When I arrive home, carrying three different kind of cheese in my bag, I find a bowl of grapes next to our front door, without any message. I will need to find out who was that kind neighbor who surprised us in such a lovely way. In the house our tile stove, which was rebuilt after 40 years this summer is slowly warming up, and it is beautiful to see the flames through the new glass door. Sometimes it stops raining so I can go out and collect walnuts, that started to fall from the tree.
After all,when I find some day-old kifli in our breadbox, I know that this rainy day will end up really being heart-warming and sunny. This is a Hungarian dish, which has many recipes- this is one of them, the way my grandmother prepares it. It is quick, easy and delicious, it is like a bread pudding, but you don’t need to put it into the oven.

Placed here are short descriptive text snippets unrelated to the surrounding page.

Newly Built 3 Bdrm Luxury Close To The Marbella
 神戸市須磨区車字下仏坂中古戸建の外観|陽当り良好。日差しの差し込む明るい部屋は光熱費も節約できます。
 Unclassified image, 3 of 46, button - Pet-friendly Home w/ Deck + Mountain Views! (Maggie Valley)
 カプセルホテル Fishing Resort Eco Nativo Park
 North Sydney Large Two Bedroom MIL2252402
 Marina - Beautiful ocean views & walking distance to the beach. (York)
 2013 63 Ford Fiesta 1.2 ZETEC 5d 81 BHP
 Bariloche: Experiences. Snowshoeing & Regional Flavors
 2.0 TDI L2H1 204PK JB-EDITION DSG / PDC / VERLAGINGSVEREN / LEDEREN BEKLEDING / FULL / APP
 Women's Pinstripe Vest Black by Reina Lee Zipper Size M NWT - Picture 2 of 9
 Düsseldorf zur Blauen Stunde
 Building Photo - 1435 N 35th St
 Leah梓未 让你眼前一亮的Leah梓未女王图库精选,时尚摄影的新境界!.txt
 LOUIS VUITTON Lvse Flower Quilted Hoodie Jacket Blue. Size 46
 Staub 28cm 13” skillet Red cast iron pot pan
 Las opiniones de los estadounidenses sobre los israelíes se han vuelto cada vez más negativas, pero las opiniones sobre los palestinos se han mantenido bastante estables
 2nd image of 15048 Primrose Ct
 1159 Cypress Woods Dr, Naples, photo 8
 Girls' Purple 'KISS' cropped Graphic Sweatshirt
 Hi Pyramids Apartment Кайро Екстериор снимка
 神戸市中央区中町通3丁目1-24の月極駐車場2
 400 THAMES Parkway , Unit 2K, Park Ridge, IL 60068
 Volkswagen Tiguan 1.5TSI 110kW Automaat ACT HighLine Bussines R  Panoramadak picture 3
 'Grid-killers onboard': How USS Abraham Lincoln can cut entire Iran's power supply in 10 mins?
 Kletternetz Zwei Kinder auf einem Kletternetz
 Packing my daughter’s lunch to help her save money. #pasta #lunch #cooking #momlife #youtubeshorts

If you don’t have kifli, you can use brioche as well. In Hungary we often sprinkle it with poppy-seed but I prefer walnuts, especially because I can use ours from our orchard. It is warming up my soul maybe because it remind me my grandmother, whose kitchen was filled up by the scent of vanilla when she was preparing it. We sit down at our dining table next to the tile stove and we agree that life – with rain, coldness, wind but with diós guba is simply beautiful.
Diós guba/ kind of Hungarian brioche pudding
Ingredients for 4 people
160 g day-old brioche or Hungarian kifli
600 ml milk
2 package of vanilla sugar (or 2 tsp of sugar and a piece of vanilla bean)
40 g butter
80 g walnut
Cut the brioche or kifli into small pieces, heat up the milk and dissolve vanilla sugar. Put the brioche pieces into a bowl, pour over the milk and let it rest until the brioche soaks up liquid. Crush walnuts in a mortar and mix with some sugar according to your taste. Melt butter in the pan and add brioche, fry each sides until golden brown. Serve it hot, topped with the walnut mixture.